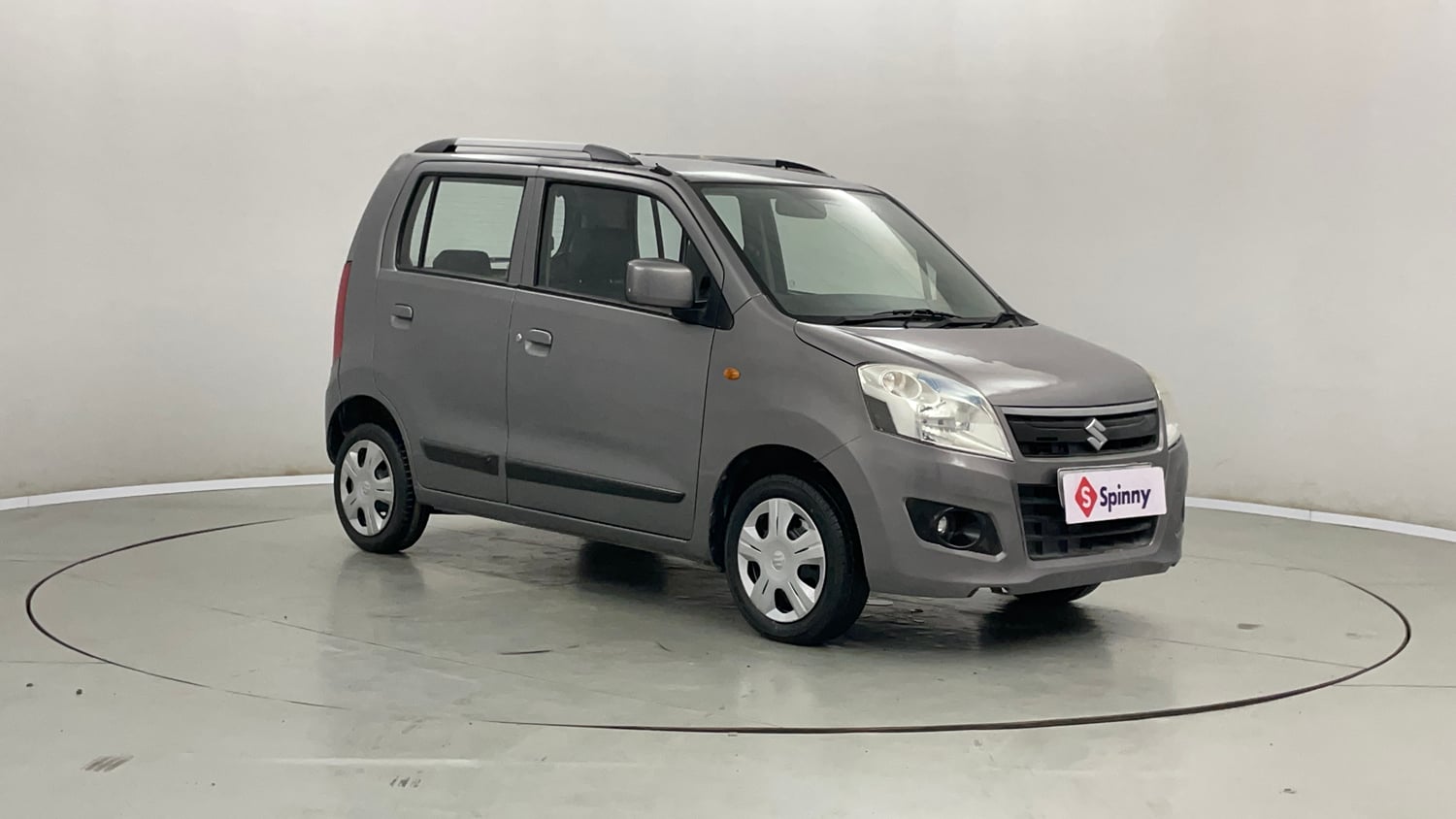 Used 2015 Maruti Suzuki Wagon R VXI Petrol Manual exterior RIGHT FRONT CORNER VIEW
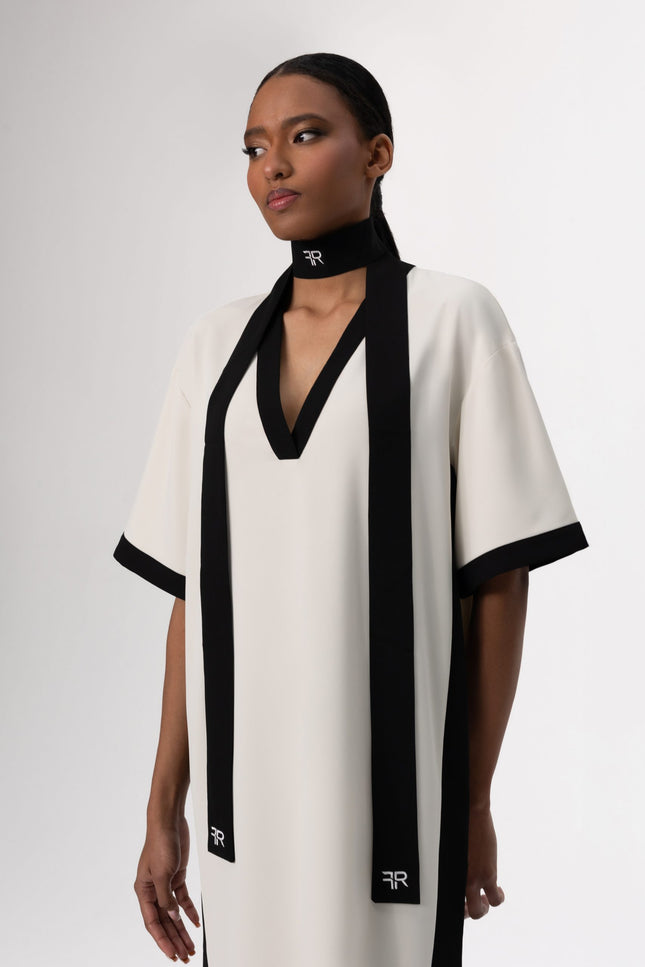 Freisi | Milk V-Neck Midi Dress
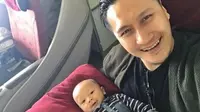 Arie Untung bersama anak ketiga, Mezbareta Yusuf Athalla. (Instagram - @ariekuntung)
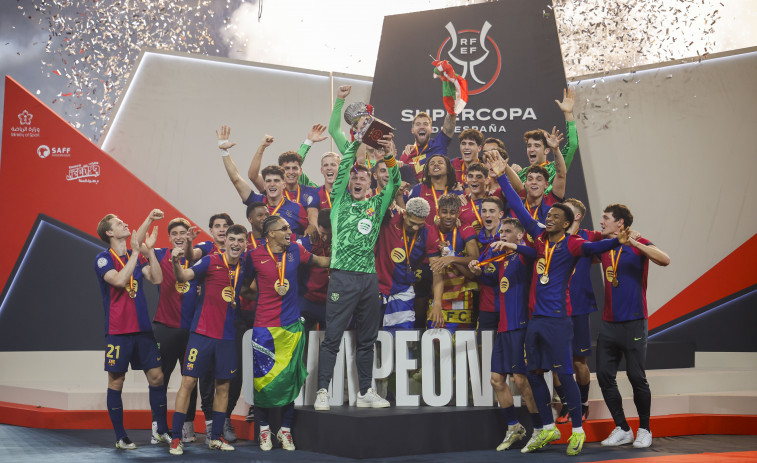 El Barcelona conquista la Supercopa goleando al Real Madrid (2-5)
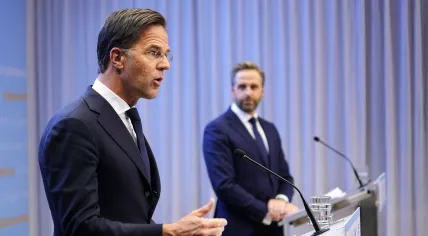 Mark Rutte and Hugo de Jonge at a press conference on 2 November 2021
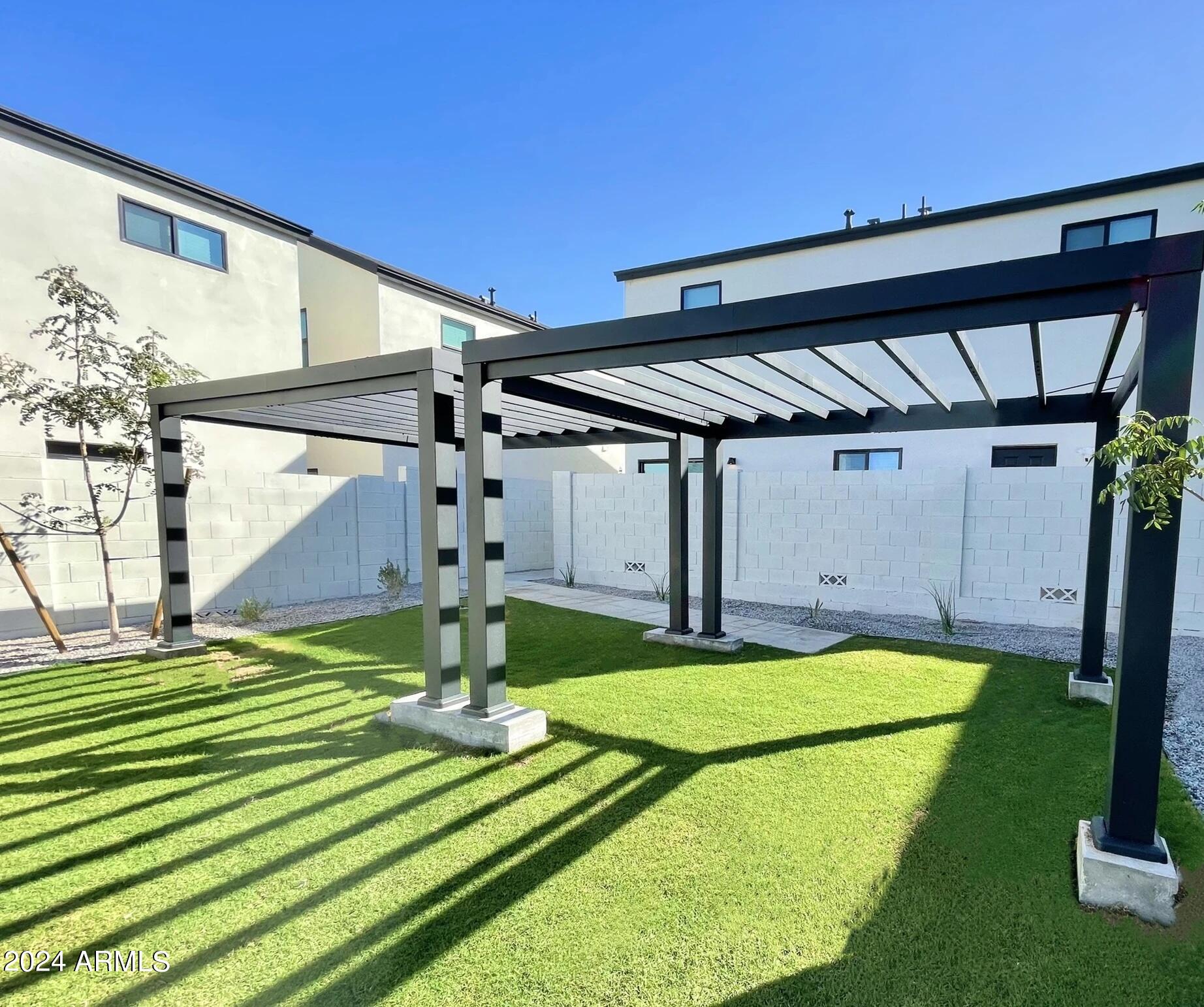 815 East Roma Avenue, Unit 5 Phoenix, AZ 85014 - Photo 23 of 28 a view of a backyard of a house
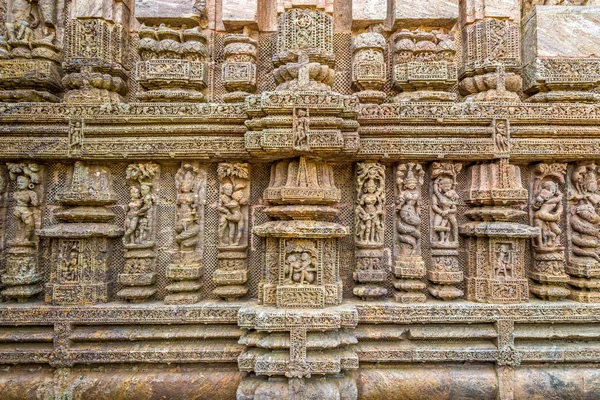 Uitzicht op de decoratieve stenen reliëf in Konark Sun Temple complex - Odisha, India — Stockfoto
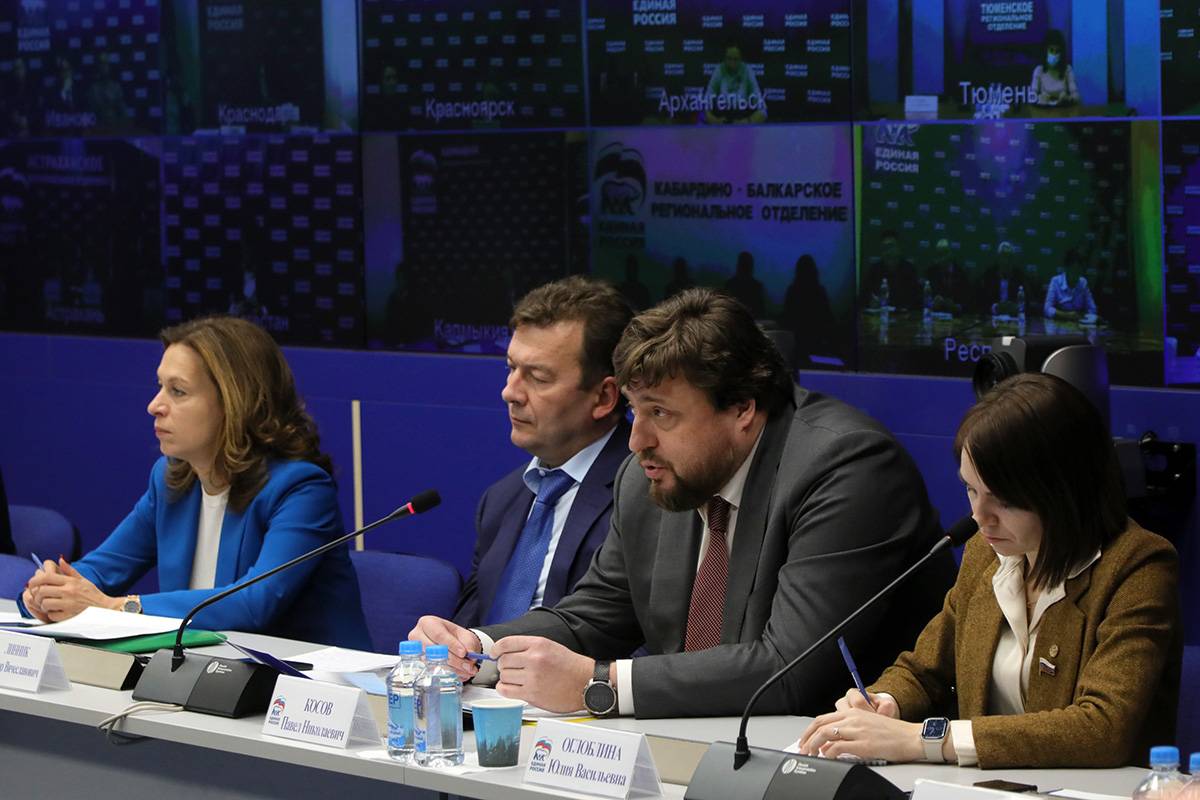 «Единая Россия» обратится в Минпромторг с предложением развивать производство сельхозтехники в России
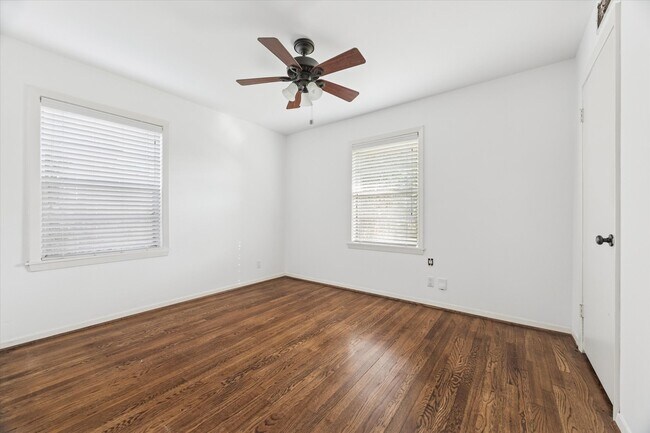 Building Photo - 4913 Nina Lee Ln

____

Aim of the task: Copy the records above exactly. Do not carry any picture into the copy.

Exercise output:
 Used 2015 Maruti Suzuki Wagon R VXI Petrol Manual exterior RIGHT FRONT CORNER VIEW
 Freisi | Milk V-Neck Midi Dress
 Arie Untung bersama anak ketiga, Mezbareta Yusuf Athalla. (Instagram - @ariekuntung)
 El Barcelona conquista la Supercopa goleando al Real Madrid (2-5)
 Mark Rutte and Hugo de Jonge at a press conference on 2 November 2021
 815 East Roma Avenue, Unit 5 Phoenix, AZ 85014 - Photo 23 of 28 a view of a backyard of a house
 Uitzicht op de decoratieve stenen reliëf in Konark Sun Temple complex - Odisha, India — Stockfoto
 «Единая Россия» обратится в Минпромторг с предложением развивать производство сельхозтехники в России
 Building Photo - 4913 Nina Lee Ln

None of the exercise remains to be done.